START Listed entries
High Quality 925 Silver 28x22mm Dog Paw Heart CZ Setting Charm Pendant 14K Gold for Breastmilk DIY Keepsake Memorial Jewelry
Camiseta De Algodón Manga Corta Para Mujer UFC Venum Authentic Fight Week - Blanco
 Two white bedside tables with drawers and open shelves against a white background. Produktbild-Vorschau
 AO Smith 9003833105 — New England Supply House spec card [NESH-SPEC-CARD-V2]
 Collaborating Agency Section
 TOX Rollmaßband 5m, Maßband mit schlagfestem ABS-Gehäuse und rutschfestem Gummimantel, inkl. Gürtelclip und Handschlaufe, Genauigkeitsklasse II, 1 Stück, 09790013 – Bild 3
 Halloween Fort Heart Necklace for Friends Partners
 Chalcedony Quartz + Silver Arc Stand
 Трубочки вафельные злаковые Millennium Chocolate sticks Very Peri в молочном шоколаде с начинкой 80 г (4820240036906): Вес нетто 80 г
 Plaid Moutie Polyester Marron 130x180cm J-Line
END Listed entries
What to produce =
Will you return exactly the lines above from the one with "Collaborating Agency Section" down to the one with "Трубочки вафельные злаковые", counting both as part of the range?

Completed task =
 Collaborating Agency Section
 TOX Rollmaßband 5m, Maßband mit schlagfestem ABS-Gehäuse und rutschfestem Gummimantel, inkl. Gürtelclip und Handschlaufe, Genauigkeitsklasse II, 1 Stück, 09790013 – Bild 3
 Halloween Fort Heart Necklace for Friends Partners
 Chalcedony Quartz + Silver Arc Stand
 Трубочки вафельные злаковые Millennium Chocolate sticks Very Peri в молочном шоколаде с начинкой 80 г (4820240036906): Вес нетто 80 г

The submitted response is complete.